Dataset excerpts
###

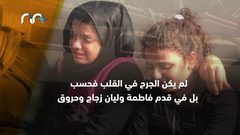 صرخة الطفلة ليان بهاء أبو العطا وجدت صداها بقلوب الناس!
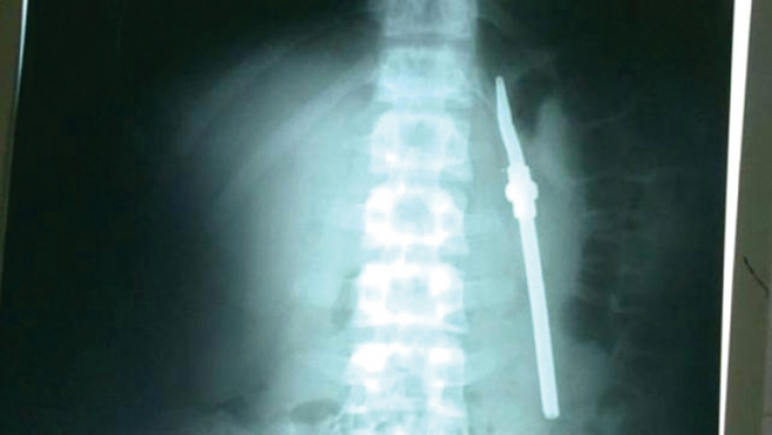 La radiografía no deja lugar a dudas sobre el objeto que tragó el preso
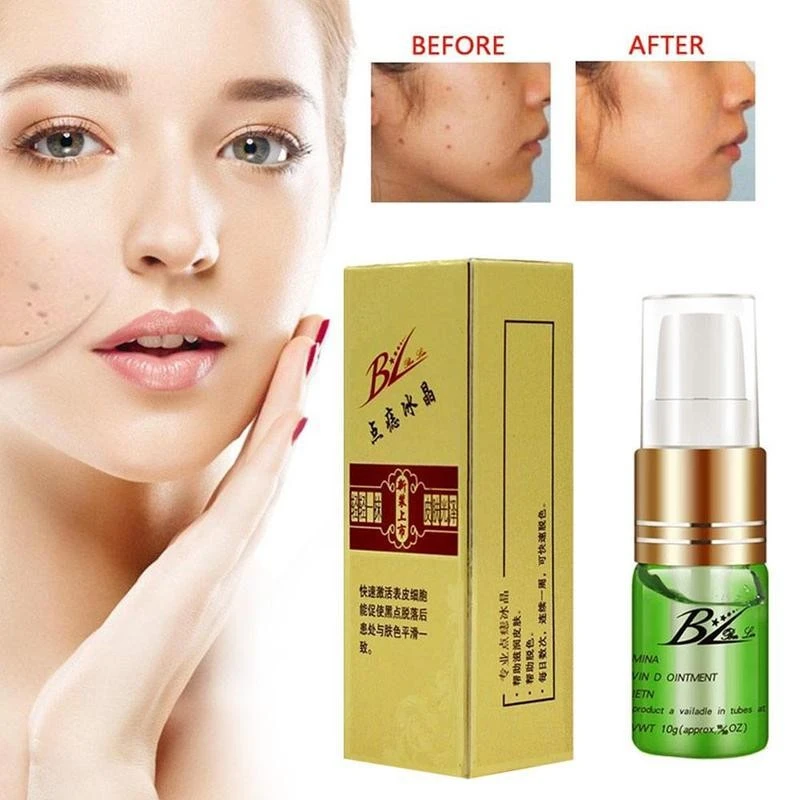 effective dark spot treatment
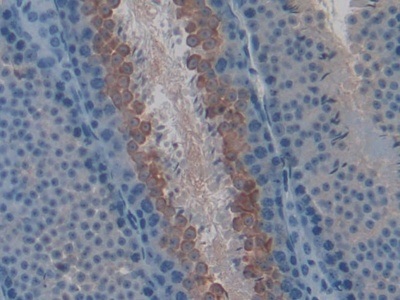 Immunohistochemistry (Formalin/PFA-fixed paraffin-embedded sections) - Anti-LYAR antibody (AB233082)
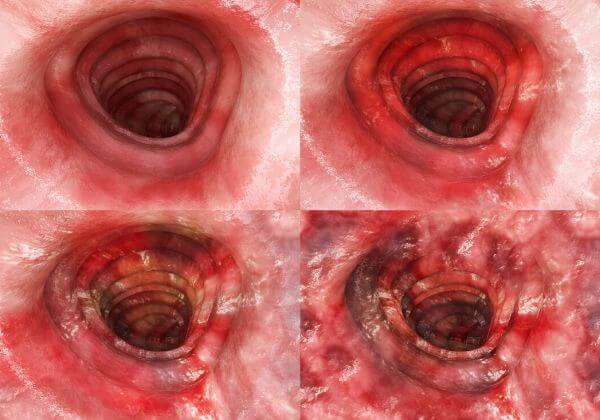 What Is Ulcerative Colitis?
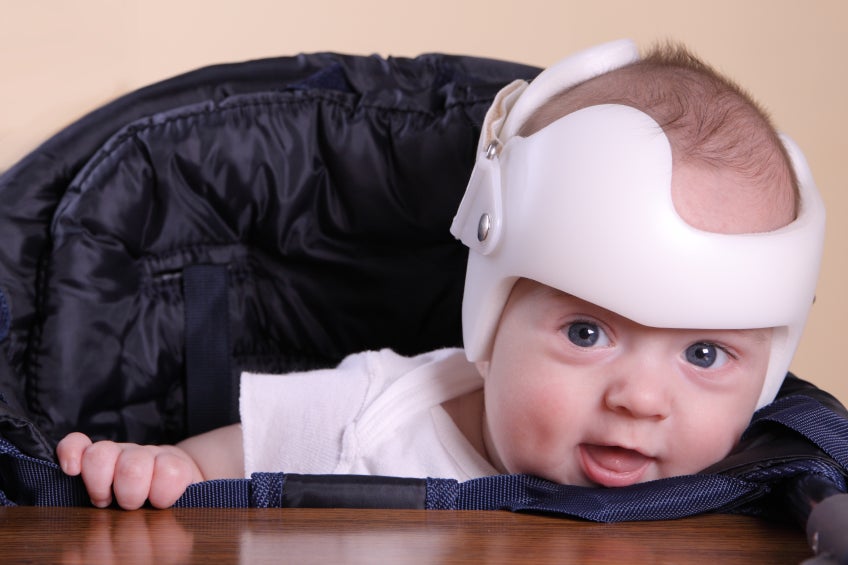 Helmets Not Helpful For Babies With flat Head Syndrome Study Finds CBS News
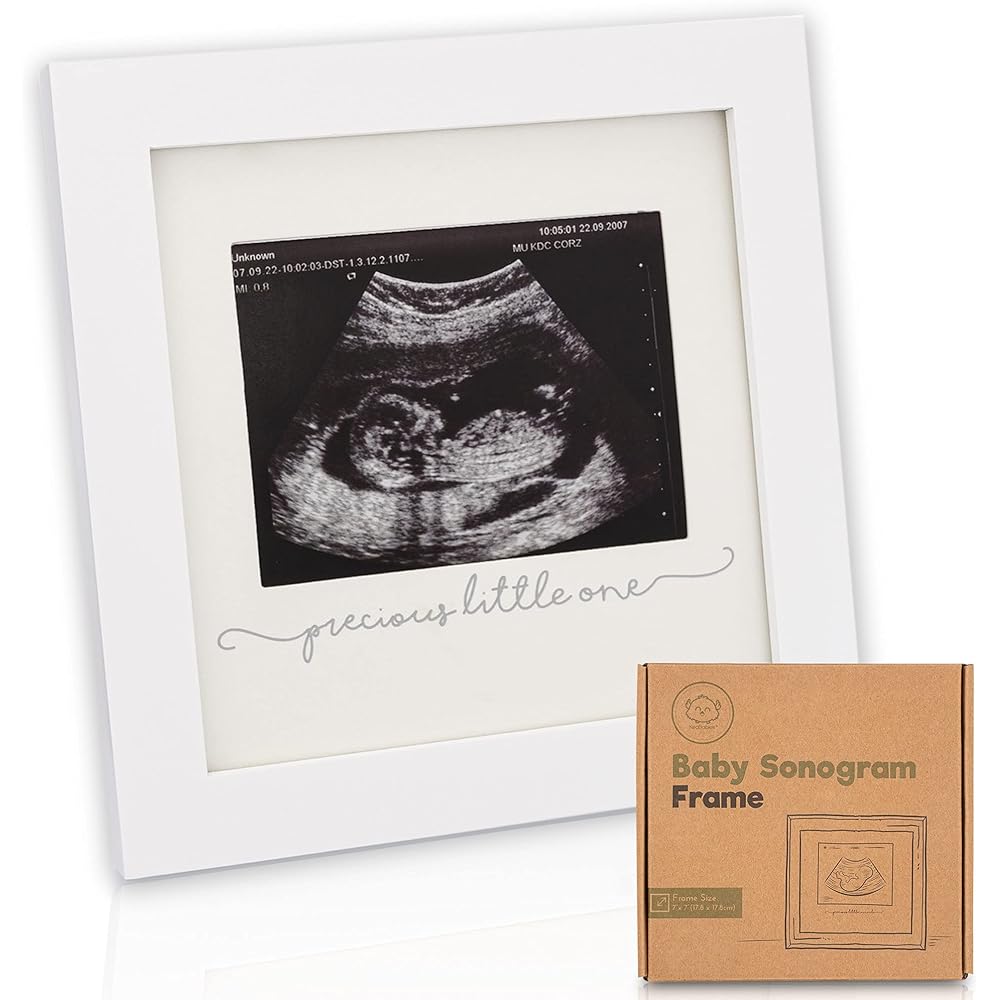 2/mo Finance Baby Sonogram Picture Frame Modern Ultrasound Frame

###

** Problem to solve **
Retype the entries above exactly. Stop after the line containing "Helmets Not Helpful", and omit the pictures.

** Response box **
 صرخة الطفلة ليان بهاء أبو العطا وجدت صداها بقلوب الناس!
 La radiografía no deja lugar a dudas sobre el objeto que tragó el preso
 effective dark spot treatment
 Immunohistochemistry (Formalin/PFA-fixed paraffin-embedded sections) - Anti-LYAR antibody (AB233082)
 What Is Ulcerative Colitis?
 Helmets Not Helpful For Babies With flat Head Syndrome Study Finds CBS News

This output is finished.